Bannon wasn’t having any of that. His provocative thesis was that the future was going to belong to populism; the only question was whether it would be a nationalist populism or a socialist populism. “That’s the reality; the rest is just happy talk.” By “happy talk” he meant sentimentality, and Frum was guilty as charged on that score.

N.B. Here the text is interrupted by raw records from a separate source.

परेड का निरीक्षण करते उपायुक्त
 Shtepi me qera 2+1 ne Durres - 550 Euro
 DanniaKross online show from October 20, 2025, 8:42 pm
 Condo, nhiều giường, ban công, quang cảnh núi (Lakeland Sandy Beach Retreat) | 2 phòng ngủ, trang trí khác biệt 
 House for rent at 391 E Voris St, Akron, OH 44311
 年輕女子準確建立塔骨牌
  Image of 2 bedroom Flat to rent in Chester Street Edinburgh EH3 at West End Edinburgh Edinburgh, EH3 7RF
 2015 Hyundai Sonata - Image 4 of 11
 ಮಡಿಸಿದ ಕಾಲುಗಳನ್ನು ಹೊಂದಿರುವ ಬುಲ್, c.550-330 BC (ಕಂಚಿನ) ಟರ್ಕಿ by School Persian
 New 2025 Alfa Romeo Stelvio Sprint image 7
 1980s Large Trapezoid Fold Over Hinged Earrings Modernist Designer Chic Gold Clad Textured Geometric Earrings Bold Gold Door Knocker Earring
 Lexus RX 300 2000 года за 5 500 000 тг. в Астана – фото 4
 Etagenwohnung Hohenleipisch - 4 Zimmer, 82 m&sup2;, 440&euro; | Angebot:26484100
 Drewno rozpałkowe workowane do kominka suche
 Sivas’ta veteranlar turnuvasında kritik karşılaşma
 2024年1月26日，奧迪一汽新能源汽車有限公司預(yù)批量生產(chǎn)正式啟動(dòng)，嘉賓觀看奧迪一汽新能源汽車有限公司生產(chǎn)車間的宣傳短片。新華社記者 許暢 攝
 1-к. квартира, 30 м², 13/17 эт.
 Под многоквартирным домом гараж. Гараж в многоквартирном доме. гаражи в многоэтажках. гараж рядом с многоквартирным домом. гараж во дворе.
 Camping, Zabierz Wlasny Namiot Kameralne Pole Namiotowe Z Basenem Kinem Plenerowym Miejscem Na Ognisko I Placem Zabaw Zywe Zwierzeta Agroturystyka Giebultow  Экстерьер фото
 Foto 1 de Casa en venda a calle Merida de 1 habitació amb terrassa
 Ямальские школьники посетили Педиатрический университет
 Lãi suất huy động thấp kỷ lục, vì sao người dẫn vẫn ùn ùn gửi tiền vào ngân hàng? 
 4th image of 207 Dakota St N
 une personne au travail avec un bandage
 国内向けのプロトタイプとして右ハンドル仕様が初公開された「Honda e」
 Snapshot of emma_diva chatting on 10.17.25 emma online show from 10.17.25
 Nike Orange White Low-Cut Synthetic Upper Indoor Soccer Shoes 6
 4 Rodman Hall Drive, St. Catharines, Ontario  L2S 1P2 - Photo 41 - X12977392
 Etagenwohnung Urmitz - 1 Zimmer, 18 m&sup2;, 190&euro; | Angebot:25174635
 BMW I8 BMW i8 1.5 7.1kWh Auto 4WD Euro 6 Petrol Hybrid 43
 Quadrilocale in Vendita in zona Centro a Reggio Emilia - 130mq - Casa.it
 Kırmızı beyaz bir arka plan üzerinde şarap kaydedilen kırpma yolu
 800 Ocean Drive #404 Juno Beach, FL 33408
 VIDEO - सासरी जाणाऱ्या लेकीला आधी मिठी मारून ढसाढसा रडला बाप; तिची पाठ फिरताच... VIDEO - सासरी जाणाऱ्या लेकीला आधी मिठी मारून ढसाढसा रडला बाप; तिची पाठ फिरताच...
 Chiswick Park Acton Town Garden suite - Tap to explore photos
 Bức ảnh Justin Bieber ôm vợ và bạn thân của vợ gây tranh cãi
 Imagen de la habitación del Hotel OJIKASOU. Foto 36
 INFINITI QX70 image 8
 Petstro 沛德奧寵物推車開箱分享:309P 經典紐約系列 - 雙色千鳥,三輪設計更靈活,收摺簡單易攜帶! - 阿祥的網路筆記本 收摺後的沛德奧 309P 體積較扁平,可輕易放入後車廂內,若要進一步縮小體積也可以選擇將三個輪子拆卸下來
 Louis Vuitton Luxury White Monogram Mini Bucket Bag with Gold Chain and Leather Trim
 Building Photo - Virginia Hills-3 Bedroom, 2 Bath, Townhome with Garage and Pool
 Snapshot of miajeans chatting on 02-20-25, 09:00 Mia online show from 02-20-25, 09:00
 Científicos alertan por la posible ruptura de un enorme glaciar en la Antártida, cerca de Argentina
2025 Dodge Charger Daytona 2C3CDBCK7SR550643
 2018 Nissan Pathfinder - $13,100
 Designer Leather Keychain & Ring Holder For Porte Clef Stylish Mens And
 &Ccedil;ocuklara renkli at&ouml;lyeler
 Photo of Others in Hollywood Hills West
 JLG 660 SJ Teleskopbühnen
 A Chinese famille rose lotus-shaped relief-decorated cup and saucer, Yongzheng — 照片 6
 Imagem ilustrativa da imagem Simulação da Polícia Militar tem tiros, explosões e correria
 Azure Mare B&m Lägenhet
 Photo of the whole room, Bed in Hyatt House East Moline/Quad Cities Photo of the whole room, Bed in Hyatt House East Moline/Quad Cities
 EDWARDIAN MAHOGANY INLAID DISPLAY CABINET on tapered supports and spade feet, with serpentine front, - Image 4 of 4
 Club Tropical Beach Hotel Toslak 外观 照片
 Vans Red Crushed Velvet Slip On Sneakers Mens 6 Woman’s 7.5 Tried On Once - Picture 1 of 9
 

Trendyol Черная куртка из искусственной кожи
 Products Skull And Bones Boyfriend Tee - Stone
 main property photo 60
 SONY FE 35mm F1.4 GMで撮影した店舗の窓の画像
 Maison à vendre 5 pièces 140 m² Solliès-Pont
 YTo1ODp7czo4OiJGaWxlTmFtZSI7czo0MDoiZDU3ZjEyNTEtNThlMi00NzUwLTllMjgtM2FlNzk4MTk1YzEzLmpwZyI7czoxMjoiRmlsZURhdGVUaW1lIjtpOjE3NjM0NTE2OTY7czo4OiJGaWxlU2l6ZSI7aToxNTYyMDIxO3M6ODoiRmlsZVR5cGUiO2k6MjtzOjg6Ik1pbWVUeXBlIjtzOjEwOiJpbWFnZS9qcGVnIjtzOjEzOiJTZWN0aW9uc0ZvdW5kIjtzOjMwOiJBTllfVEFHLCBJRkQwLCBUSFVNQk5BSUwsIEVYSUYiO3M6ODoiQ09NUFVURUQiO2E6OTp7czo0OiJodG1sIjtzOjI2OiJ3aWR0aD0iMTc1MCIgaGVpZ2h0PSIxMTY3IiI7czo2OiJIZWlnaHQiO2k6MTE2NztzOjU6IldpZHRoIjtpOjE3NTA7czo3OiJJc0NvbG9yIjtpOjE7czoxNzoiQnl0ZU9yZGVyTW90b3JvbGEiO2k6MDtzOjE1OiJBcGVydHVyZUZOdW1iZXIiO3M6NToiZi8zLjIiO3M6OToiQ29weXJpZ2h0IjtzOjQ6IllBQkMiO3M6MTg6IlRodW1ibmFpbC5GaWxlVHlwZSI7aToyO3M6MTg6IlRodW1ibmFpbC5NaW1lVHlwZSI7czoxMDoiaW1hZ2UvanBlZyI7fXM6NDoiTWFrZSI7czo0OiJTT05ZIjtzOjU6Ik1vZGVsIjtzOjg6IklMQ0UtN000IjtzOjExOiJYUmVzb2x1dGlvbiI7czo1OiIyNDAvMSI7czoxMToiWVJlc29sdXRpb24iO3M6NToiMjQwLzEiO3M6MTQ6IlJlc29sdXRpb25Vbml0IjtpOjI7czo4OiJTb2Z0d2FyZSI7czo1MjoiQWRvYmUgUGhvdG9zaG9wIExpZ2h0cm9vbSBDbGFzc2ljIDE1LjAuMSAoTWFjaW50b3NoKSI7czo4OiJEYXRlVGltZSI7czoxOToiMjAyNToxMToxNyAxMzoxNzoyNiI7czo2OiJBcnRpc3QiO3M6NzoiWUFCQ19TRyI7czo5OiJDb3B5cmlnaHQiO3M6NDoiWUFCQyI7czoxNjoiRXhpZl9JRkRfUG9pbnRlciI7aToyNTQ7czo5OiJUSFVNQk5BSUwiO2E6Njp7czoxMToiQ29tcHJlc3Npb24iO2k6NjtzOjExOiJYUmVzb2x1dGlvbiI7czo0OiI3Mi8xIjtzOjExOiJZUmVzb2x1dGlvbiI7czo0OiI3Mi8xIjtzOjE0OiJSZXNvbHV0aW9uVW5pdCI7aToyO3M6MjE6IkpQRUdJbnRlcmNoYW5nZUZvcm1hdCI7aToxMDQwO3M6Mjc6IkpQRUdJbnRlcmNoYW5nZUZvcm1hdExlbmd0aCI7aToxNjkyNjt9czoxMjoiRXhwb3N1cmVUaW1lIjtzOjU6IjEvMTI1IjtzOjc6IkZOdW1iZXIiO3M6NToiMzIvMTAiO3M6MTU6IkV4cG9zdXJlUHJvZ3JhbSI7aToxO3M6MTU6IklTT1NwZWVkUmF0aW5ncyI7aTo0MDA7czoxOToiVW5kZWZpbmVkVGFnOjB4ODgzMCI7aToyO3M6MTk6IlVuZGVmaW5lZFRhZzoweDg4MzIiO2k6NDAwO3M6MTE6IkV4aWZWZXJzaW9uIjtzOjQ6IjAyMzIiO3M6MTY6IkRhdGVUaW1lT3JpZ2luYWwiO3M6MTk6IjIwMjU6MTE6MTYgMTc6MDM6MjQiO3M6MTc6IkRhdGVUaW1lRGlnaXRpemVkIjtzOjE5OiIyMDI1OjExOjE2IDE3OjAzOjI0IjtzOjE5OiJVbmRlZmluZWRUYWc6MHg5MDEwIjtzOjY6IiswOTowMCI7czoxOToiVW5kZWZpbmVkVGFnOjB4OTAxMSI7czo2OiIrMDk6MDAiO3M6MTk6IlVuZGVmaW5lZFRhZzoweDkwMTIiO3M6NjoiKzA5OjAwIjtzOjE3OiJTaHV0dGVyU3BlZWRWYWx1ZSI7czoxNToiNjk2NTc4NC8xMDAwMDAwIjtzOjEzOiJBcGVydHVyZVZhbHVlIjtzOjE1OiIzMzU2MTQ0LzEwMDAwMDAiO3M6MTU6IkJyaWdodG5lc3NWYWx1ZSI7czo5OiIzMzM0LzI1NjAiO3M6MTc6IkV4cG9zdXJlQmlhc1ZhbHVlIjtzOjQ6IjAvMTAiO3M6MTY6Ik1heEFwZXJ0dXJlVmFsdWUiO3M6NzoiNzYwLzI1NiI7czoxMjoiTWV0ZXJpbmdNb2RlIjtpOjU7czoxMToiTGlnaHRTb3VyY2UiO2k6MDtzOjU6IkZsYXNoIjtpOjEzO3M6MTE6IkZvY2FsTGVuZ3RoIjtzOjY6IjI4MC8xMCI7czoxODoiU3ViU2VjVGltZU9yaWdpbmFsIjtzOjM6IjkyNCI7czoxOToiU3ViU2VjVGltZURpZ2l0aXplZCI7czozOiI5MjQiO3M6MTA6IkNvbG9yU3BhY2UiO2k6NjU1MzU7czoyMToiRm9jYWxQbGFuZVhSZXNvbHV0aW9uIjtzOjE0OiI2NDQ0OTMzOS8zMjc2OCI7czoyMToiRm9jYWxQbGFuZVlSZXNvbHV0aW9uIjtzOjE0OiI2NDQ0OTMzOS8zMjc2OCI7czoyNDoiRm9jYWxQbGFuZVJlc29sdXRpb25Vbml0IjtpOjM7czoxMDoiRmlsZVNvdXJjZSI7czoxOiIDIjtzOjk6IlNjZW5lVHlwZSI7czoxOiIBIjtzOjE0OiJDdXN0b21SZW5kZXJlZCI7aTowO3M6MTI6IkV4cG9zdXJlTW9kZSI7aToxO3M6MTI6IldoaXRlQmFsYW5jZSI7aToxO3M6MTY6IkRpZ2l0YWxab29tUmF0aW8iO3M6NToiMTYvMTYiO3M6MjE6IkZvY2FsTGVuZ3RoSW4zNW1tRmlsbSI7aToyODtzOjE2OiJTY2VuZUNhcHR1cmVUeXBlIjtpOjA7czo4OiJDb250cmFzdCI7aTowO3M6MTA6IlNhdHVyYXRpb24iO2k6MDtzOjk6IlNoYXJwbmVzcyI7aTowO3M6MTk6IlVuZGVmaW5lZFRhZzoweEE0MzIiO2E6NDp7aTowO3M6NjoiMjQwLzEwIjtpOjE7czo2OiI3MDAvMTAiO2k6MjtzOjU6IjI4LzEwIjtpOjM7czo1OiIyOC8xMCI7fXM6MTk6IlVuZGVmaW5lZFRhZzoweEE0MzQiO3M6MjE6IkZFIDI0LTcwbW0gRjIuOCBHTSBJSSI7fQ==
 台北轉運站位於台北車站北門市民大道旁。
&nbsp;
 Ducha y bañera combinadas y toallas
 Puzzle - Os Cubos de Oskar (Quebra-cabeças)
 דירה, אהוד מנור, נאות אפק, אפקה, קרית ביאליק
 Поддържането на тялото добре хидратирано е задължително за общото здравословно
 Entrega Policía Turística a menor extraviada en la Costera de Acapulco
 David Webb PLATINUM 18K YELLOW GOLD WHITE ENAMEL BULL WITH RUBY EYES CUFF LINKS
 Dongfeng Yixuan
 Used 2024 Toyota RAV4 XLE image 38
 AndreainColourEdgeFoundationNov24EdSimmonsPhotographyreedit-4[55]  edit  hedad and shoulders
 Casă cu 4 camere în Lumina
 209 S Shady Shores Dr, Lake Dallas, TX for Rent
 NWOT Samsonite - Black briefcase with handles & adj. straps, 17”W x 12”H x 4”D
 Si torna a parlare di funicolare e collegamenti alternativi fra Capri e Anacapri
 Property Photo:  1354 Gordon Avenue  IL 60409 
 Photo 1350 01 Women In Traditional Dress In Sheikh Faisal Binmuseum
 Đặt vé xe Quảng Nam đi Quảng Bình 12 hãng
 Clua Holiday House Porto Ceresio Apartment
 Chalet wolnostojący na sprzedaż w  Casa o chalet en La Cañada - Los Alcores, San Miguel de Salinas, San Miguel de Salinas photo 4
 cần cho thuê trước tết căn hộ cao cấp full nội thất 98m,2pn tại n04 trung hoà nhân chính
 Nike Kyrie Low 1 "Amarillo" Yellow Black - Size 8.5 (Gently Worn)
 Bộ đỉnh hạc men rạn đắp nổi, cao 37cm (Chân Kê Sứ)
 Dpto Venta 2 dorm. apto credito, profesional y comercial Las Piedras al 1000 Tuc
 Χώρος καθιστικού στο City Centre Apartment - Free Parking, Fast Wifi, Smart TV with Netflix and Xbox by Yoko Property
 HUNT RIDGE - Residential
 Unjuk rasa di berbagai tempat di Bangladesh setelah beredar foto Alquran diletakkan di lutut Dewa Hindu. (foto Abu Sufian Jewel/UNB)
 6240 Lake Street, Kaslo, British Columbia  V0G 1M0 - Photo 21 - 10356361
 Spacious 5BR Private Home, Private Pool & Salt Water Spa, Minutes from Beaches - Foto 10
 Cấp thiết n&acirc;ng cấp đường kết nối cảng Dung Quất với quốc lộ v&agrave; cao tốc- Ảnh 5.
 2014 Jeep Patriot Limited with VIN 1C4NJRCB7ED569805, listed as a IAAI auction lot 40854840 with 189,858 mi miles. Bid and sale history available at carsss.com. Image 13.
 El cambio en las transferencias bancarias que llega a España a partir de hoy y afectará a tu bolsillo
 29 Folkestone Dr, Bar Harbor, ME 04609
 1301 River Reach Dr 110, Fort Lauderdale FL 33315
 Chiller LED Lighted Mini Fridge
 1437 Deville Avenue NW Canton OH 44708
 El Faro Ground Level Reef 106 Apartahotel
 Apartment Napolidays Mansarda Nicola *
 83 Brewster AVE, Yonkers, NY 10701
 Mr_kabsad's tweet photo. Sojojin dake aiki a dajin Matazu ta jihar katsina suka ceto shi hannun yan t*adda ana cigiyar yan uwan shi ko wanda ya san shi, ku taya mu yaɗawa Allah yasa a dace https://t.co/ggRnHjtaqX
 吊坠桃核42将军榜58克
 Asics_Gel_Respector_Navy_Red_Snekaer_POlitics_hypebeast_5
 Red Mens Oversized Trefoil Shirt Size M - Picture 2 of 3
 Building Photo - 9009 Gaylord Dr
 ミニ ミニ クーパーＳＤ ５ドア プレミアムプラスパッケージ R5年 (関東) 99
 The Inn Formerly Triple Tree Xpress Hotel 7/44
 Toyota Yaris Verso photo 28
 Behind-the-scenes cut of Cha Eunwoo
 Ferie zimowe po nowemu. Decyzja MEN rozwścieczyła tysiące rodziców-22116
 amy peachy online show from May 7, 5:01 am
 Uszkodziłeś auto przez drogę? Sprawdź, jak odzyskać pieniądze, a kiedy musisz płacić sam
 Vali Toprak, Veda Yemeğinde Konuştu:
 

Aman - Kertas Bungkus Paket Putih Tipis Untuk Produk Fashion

In particular I was embarrassed by Frum’s dual reference to the poppy he was wearing and what it stood for in Frum’s eyes– i.e. liberalism at its finest – as a schlocky and highly sentimental gambit, having nothing whatsoever to do with the question. World War One was fought with conscripts on behalf of Britain, so although Canadian soldiers fought heroically, they really had very little choice in the matter; and World War Two was an existential battle against pure evil, not a tough call for either liberals or conservatives. We wear the poppy for our fallen soldiers in Afghanistan as well, also an absolutely justifiable war by any partisan criteria, and Frum’s remarks by implication diminished their sacrifice.
Debate means the audience can now make up its mind
The big winners in this debate were freedom of speech, civility in the public forum and the fact that hundreds of thousands of people who will eventually see it can make up their own minds about Bannon’s allegedly evil views.
The losers were activists on the far left, who looked stupid for their obstructionism in trying to prevent two of the brainiest polemicists in North America from duking it out on some of our era’s most important questions. Bannon had the most to gain by a solid performance, and he gave it. Frum’s performance did not meet expectations – not mine, anyway – and so, never mind the voting outcome, I would consider that Bannon is feeling triumphant today, while Frum may be experiencing something like a hangover.